In the material below, begin at the line that has "Продаю фетровую бордовую шляпу", stop after the line that has "Gebraucht Ford Focus", and transcribe those lines exactly, without pictures.

### Data excerpts
---------------

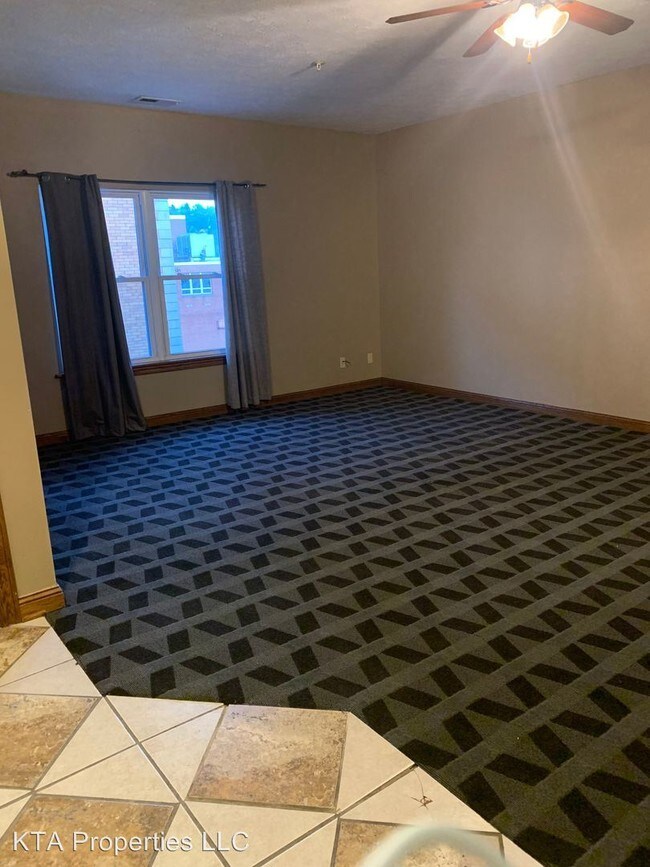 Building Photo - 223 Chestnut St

---------------

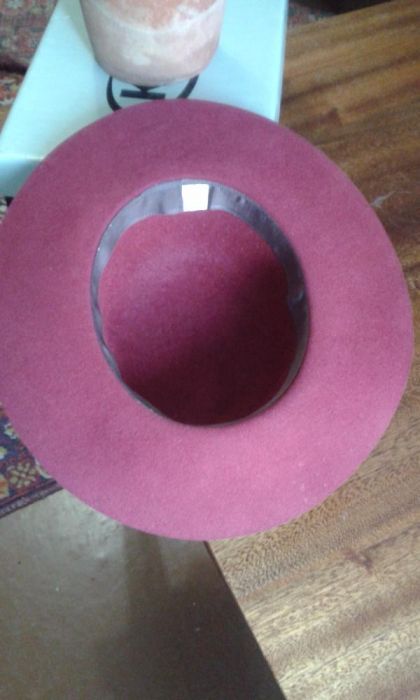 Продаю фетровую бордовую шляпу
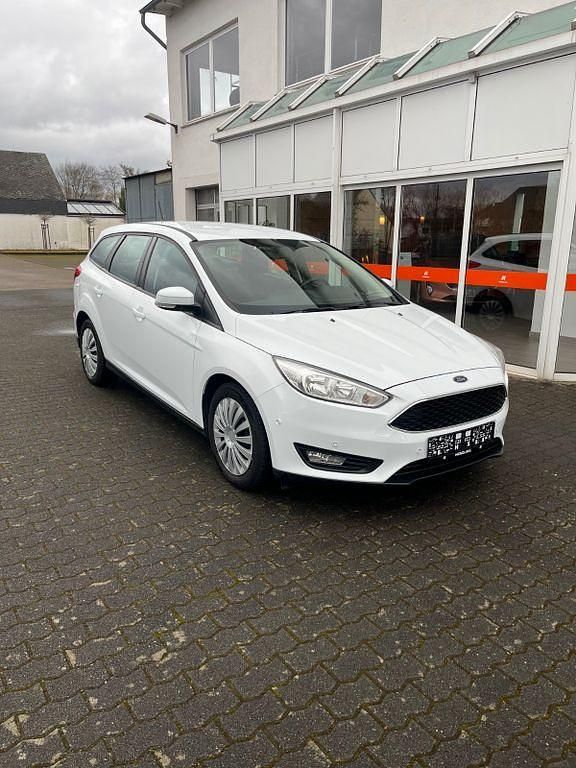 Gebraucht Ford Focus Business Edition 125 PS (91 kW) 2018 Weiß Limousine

---------------

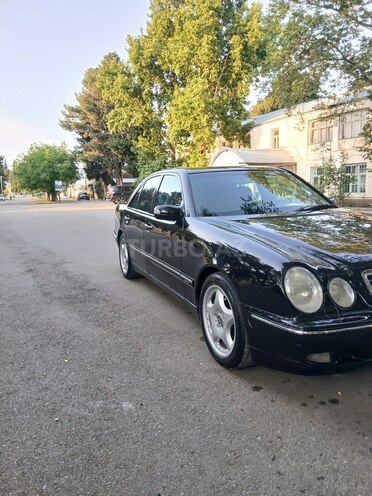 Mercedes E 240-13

---------------

### Answer to this task
 Продаю фетровую бордовую шляпу
 Gebraucht Ford Focus Business Edition 125 PS (91 kW) 2018 Weiß Limousine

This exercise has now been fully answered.